Psalm 22

Pottery Shards in the Dust

The Judean wilderness bakes under a relentless sun in the early years of the tenth century b.c. Hot wind strips moisture from the air, leaving behind a sharp, alkaline taste of sand. A man sits alone, surrounded by jagged limestone crags casting long, skeletal shadows across the valley floor. His throat burns. Swallowing becomes impossible, the tongue adhering to the roof of the mouth like a piece of fired clay left too long in the kiln. The silence stretches, broken only by the distant, hollow clatter of loose stones tumbling down a ravine.

In this deep thirst, God does not immediately pour out rain. The Divine stands quietly in the arid stillness, allowing the raw, tearing ache of absence to echo against the canyon walls.

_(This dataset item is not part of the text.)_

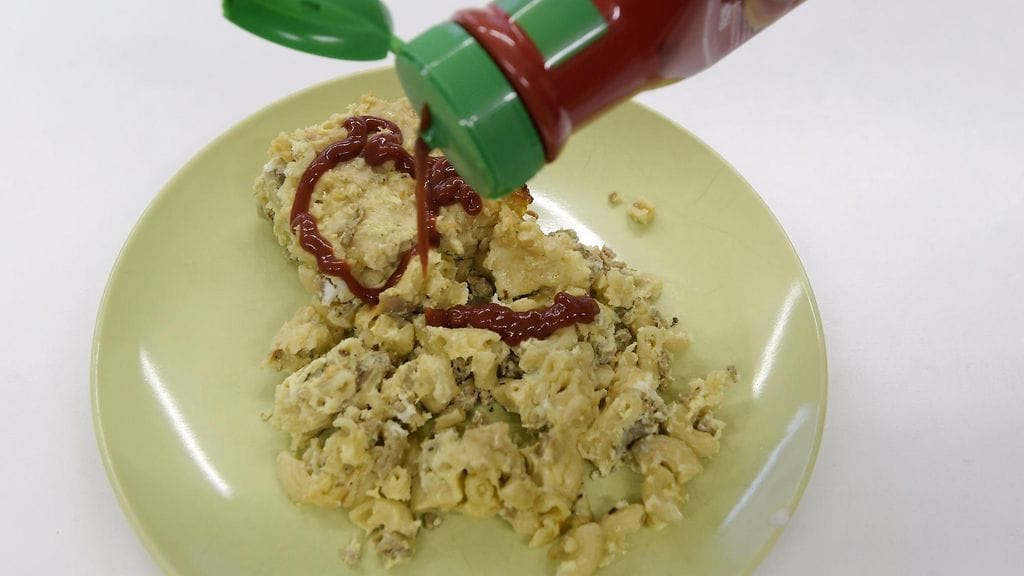 Valmisruoat maistuvat suomalaisille.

Yet, the Maker of the earth knows the exact composition of the dust. He shapes the pottery of human bodies, intimately aware of how brittle the clay becomes when the water recedes. The Lord absorbs the cries of the forsaken, gathering up every ragged gasp. Working in the hollow spaces, He holds the fragile fragments of a broken spirit with calloused, careful hands.

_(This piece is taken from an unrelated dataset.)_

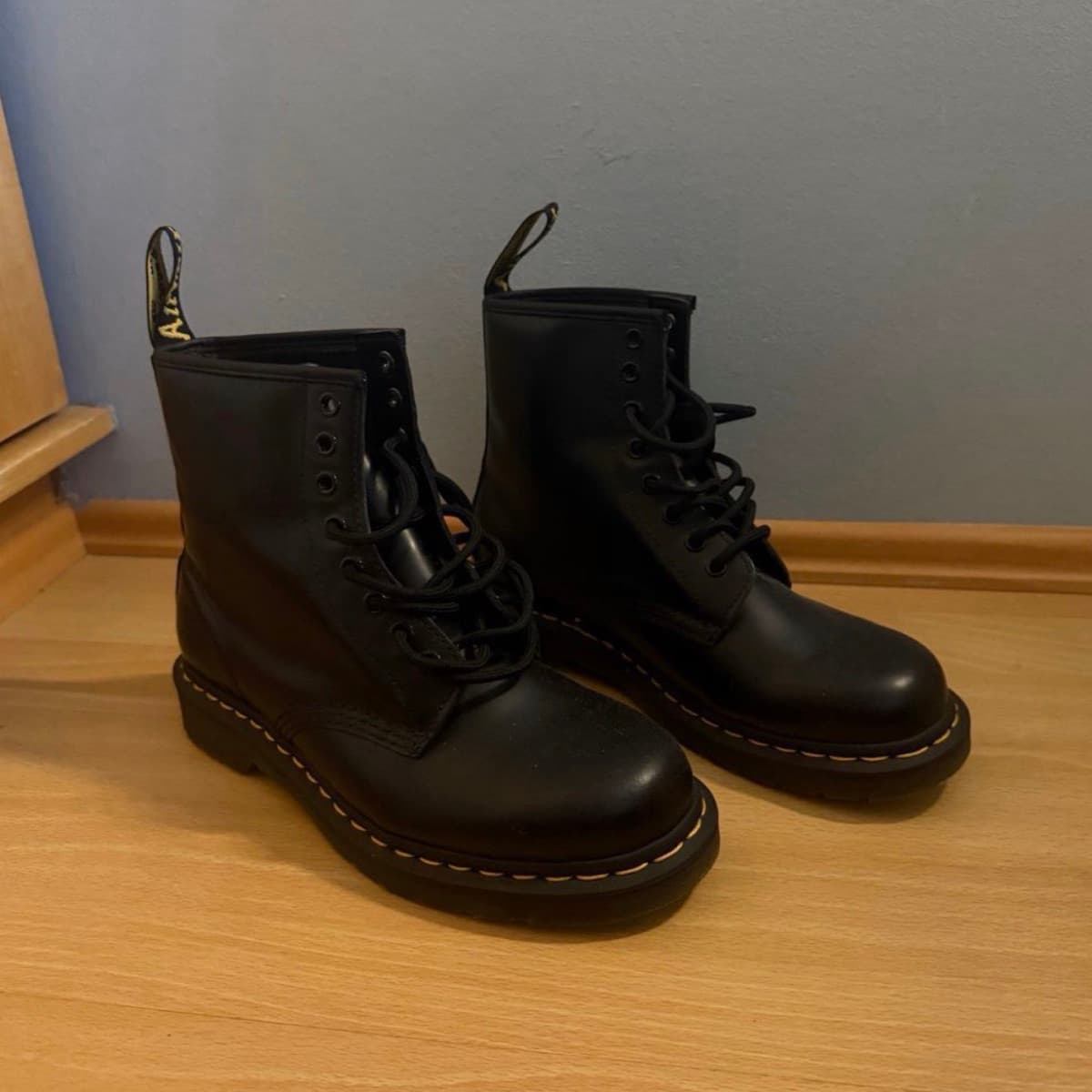 Dr. Martens stígvél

A broken piece of terracotta rests on a garden wall today, edges smoothed by time but still rough to the touch. The unglazed surface absorbs a drop of morning dew instantly, pulling the moisture deep into its porous core. Days arrive when the spirit feels exactly like this discarded fragment. Prayers turn to dry powder on the tongue. Above, the sky seems locked in brass, echoing back nothing but the sound of an empty wind. Centuries ago, the singer knew this precise texture of abandonment. He named the wild dogs snapping at his heels and described the sheer exhaustion of bones pulled out of joint. Tracing the cracks in his own soul, the poet left a map for those who have ever stared into a silent, sun-scorched horizon.

The terracotta shard retains the heat of the afternoon sun long after evening shadows fall. It holds a lingering warmth, a quiet memory of light woven directly into the baked earth. Ultimately, the darkest dust of death gives way to a strange, enduring resonance. A feast is promised to the afflicted, a table set right in the middle of the wasteland. Even the dry clay sings.

The deepest thirst often carves the canyon where the hardest rain will eventually fall.